Mr. Pujol came out in favor of independence only recently, after Spain’s Constitutional Court watered down a painstakingly negotiated revision of Catalonia’s governing statute, which outlines the region’s rights and responsibilities. “If there was an independence referendum now, I would vote for independence, something that I never ever would have imagined,” Mr. Pujol said in an interview in 2012.
Mr. Montoro questioned Mr. Pujol’s motives for embracing secession, suggesting the continuing tax investigation might have prompted him to turn against Spain. Mr. Pujol hasn’t responded to that accusation and his lawyer didn’t return requests for comment.

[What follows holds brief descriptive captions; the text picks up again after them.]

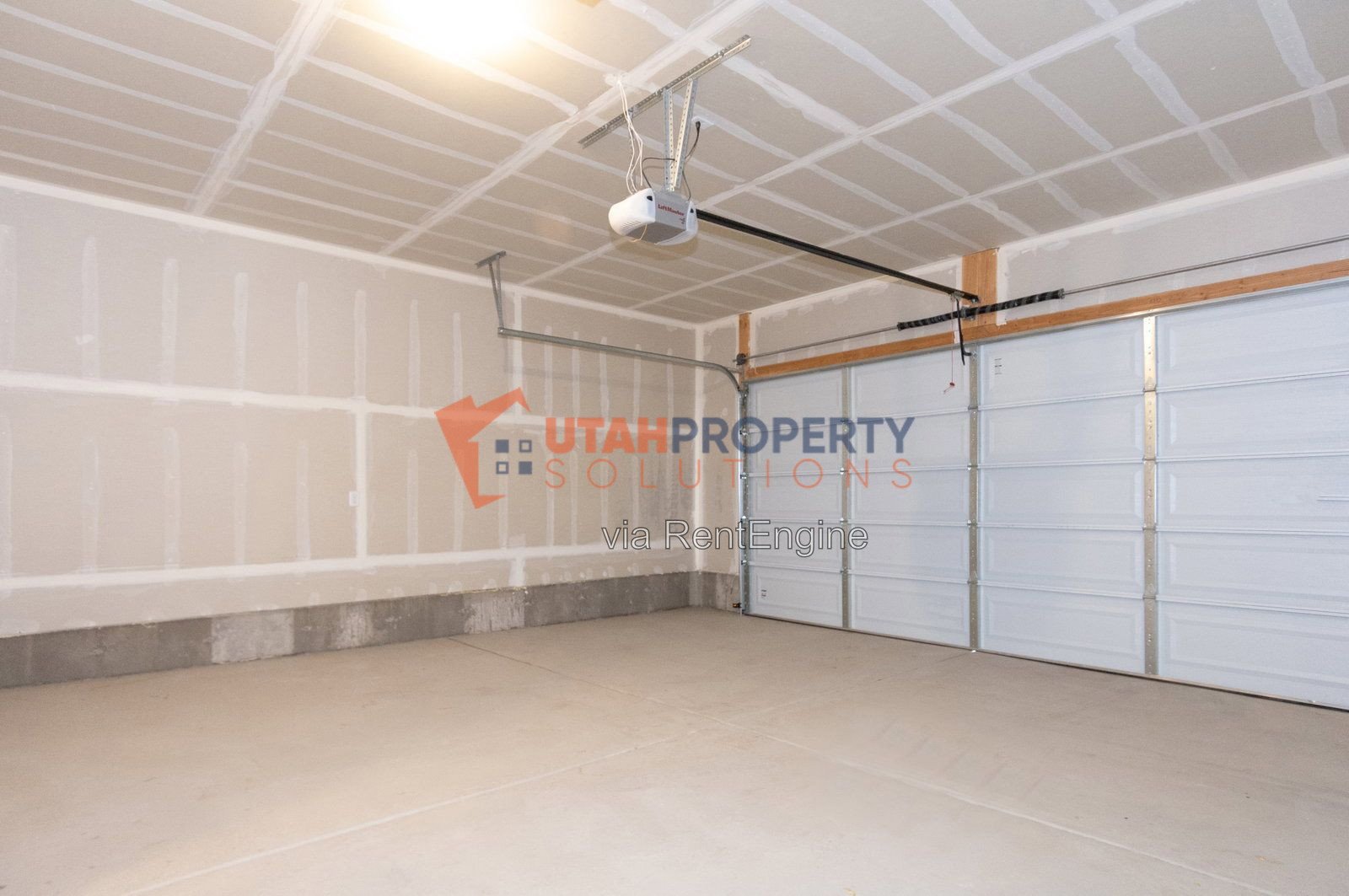 Pet Friendly Townhome in Rockwell Ranch! property image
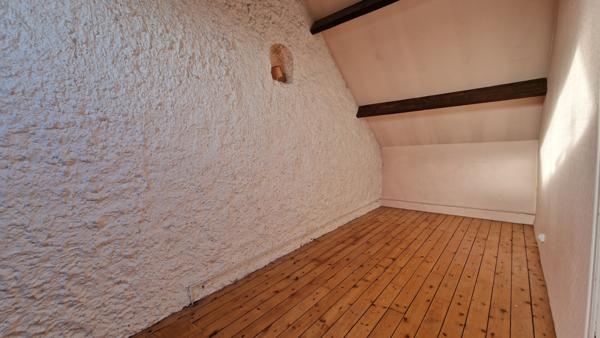 Maison Mantes La Ville de 3ch sur plus de 200m² de terrain avec parking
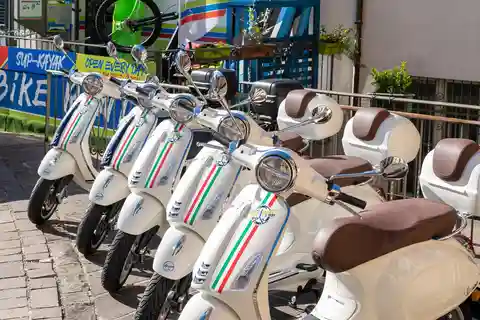 Lake Como: Vespa 125 Guided Tour with Local Guide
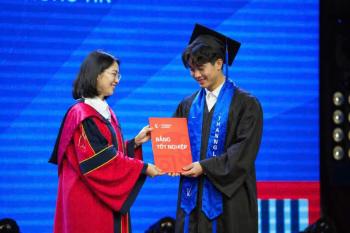 Bán và cho thuê áo cử nhân Đại học Thăng Long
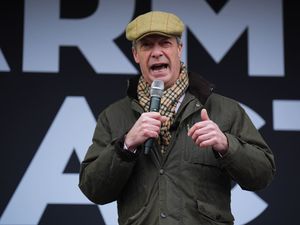 Supporting image for story: Persistent and peaceful campaigning by farmers ‘could get change’, says Farage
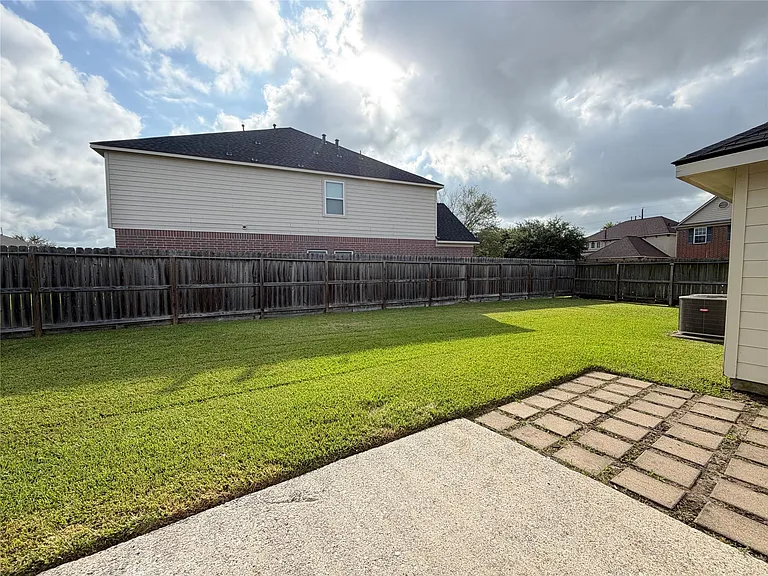 2131 Pickwick Pines Dr — Photo 23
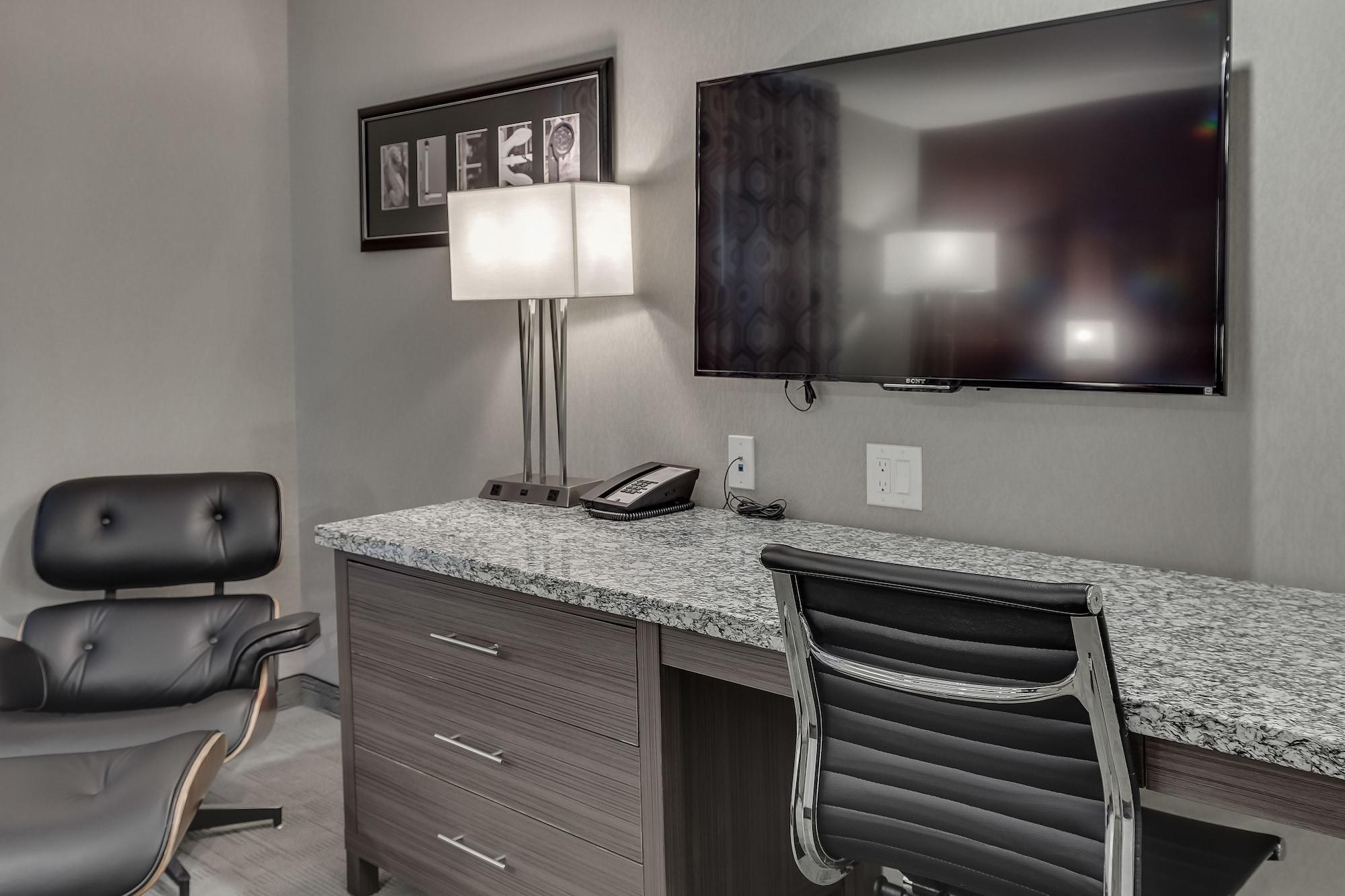 Home Inn & Suites Saskatoon South Bagian luar foto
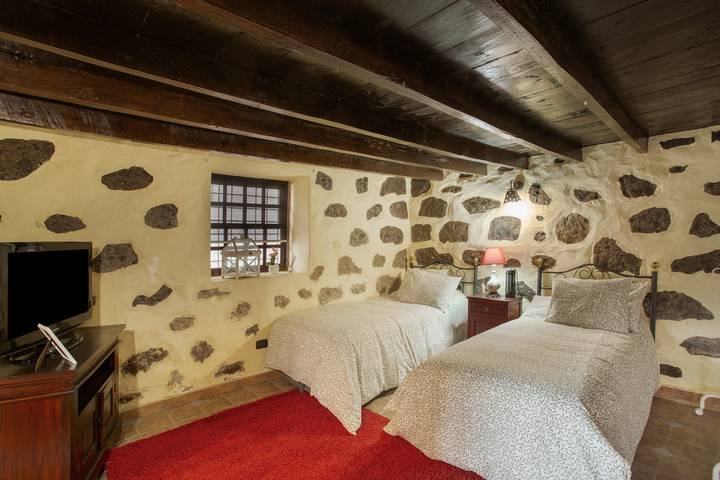 Casa Vacacional 'Ancana' con Vista a la Montaña, Terraza Privada y Wi-Fi in Vega de San Mateo, Gran Canaria Norte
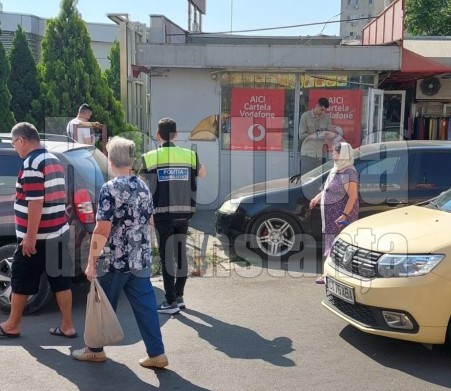 Magazin de telefoane, spart de hoți, în Tomis 3!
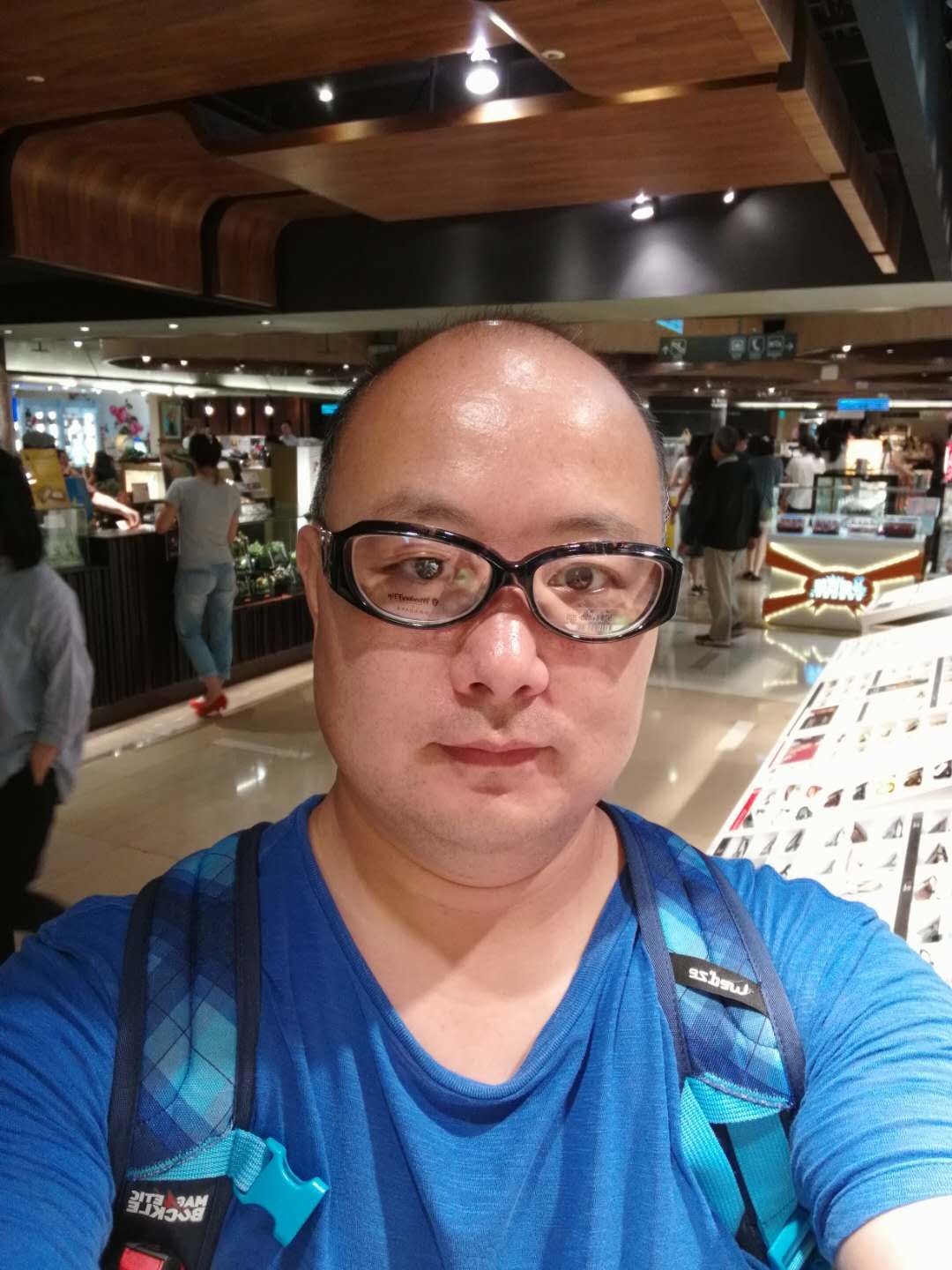 天狗网、信誉楼和商之都：一场关于线上业务价值评估的深度碰撞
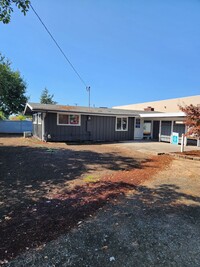 Building Photo - Newly Renovated 3 Bedroom House with a Car...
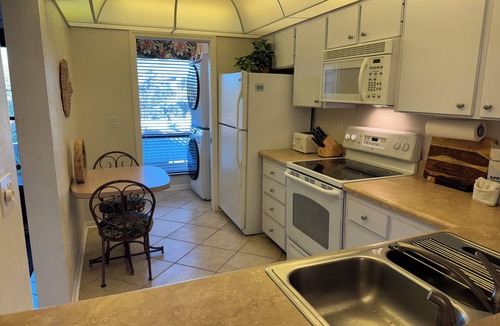 Siesta Key Condo | Deluxe Condo at Siesta Dunes Beachfront Complex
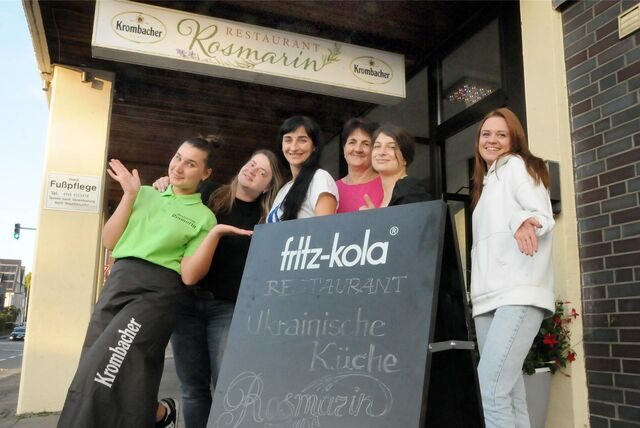 Ein gutgelauntes Team wartet im neuen ukrainischen Restaurant Rosmarin an der Beckestraße auf seine Gäste. Nur am Dienstag ist Ruhetag.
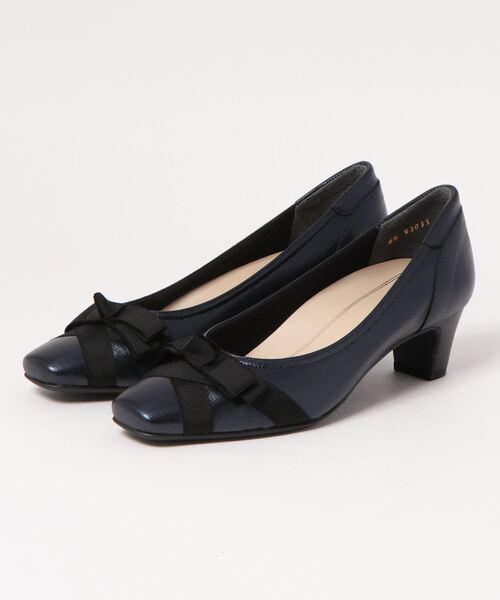 Riz raffinee（リズラフィーネ）の「【3E】グログランリボンパンプス（パンプス・レディース・ブラック/トリコロール/ネイビー×ホワイト/ブラック系その他6/ピンク×イエロー/ベージュ/アクア/ダークベージュ/ベージュ系その他7/グレー系その他5/デザートカモ・22.5cm/23cm/23.5cm/24cm/24.5cm/22cm/22.5㎝/24㎝/23㎝/24.5㎝/23.5㎝/25cm）」の8枚目の写真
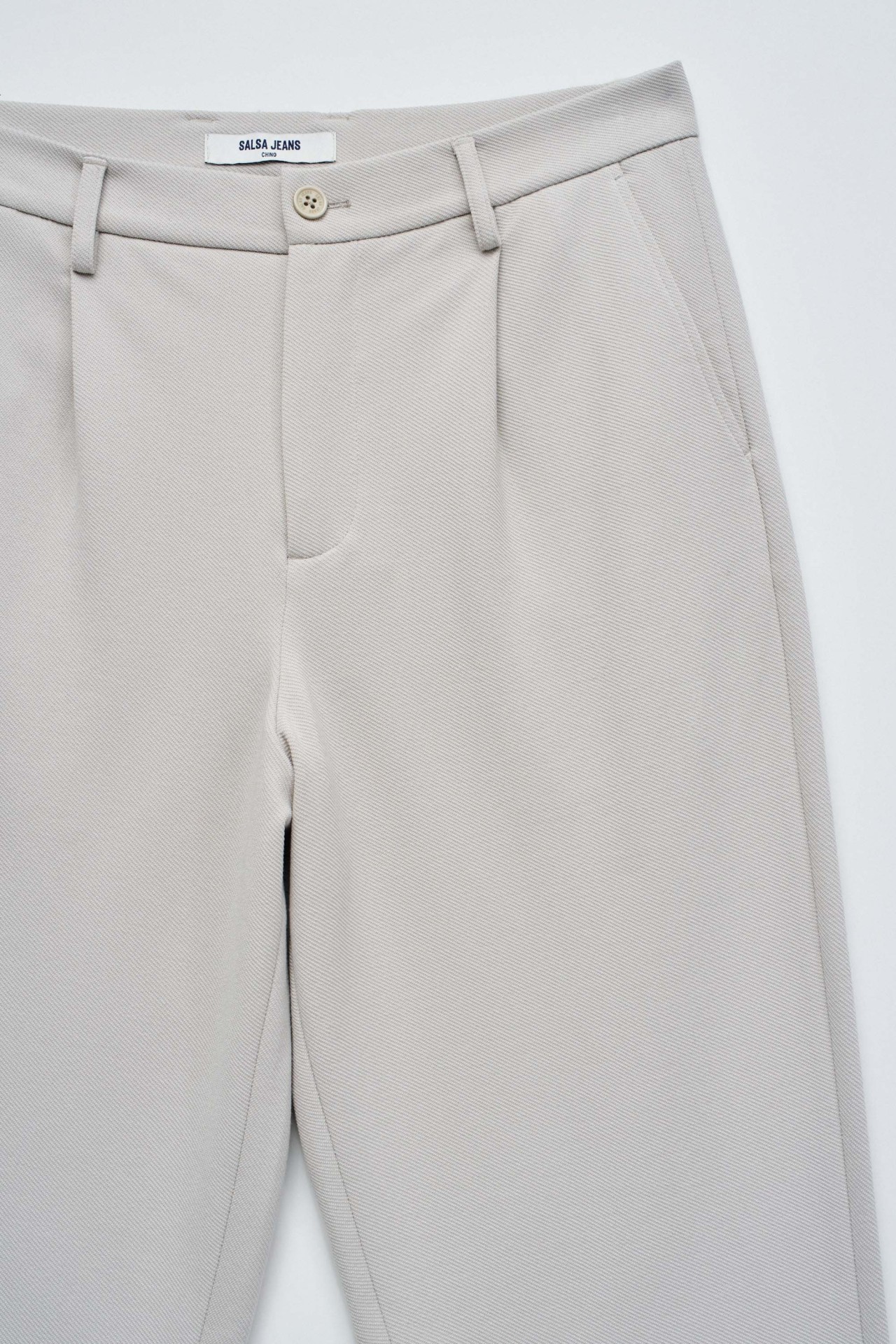 CHINO TROUSERS IN KNITTED FABRIC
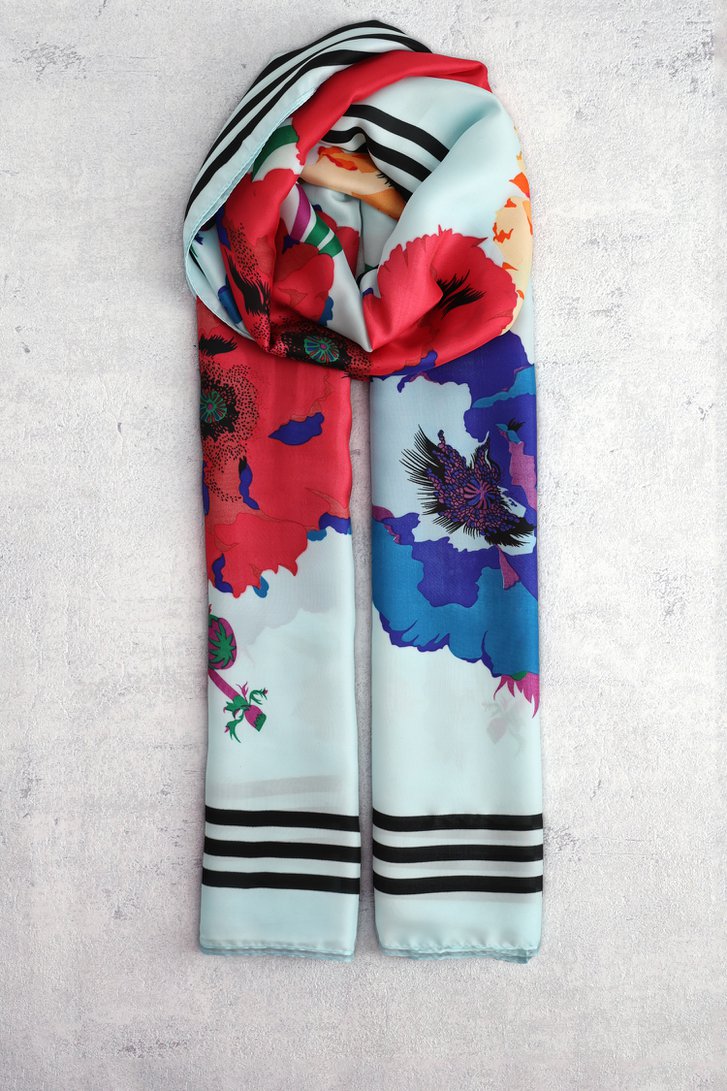 Voorkant van Lichtblauw sjaaltje met bloemenprint door Liberty Island voor Dames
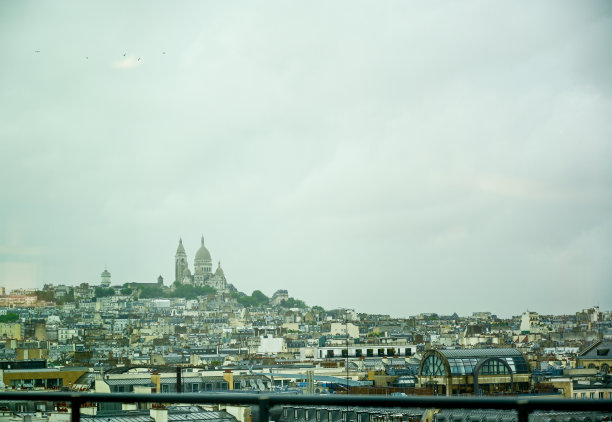 2022年6月，法国巴黎。巴黎天际线与神圣的心在一个雨天。图片下载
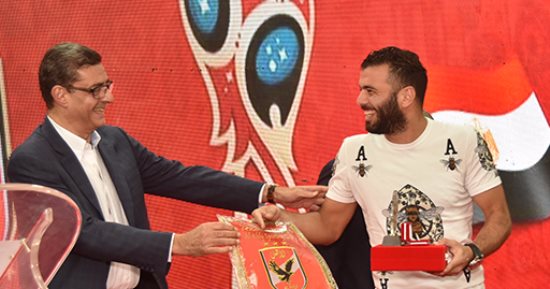 متعب وأجايي يتسلمان جوائز السعيد ومحسن فى احتفالية الأهلى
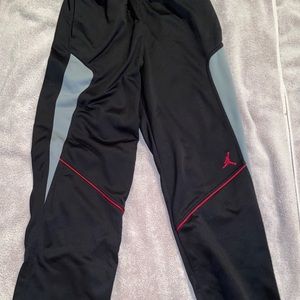 Boys(XL) Jordan Therma-Fit Sweatpants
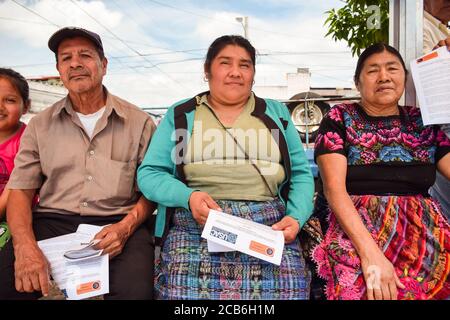 Guatemala-Stadt / Guatemala - 27. August 2015: Indigene Person sitzt an der Bushaltestelle in der Hauptstadt Stockfoto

“We should be self-critical,” said Muriel Casals, the head of Omnium Cultural, a Catalan cultural group that is one of the organizers of Thursday’s demonstration. “Sometimes we Catalans think we’re like the Lutherans of Spain. And the Pujol case is like a slap on the face that says, ‘Look, you’re not so Lutheran.'”
But the case won’t stop the independence push, she said. “We are turning this on its head and saying that we are going to build a new country that is clean, so let all that isn’t clean come out now. We don’t want to sweep anything under the rug.”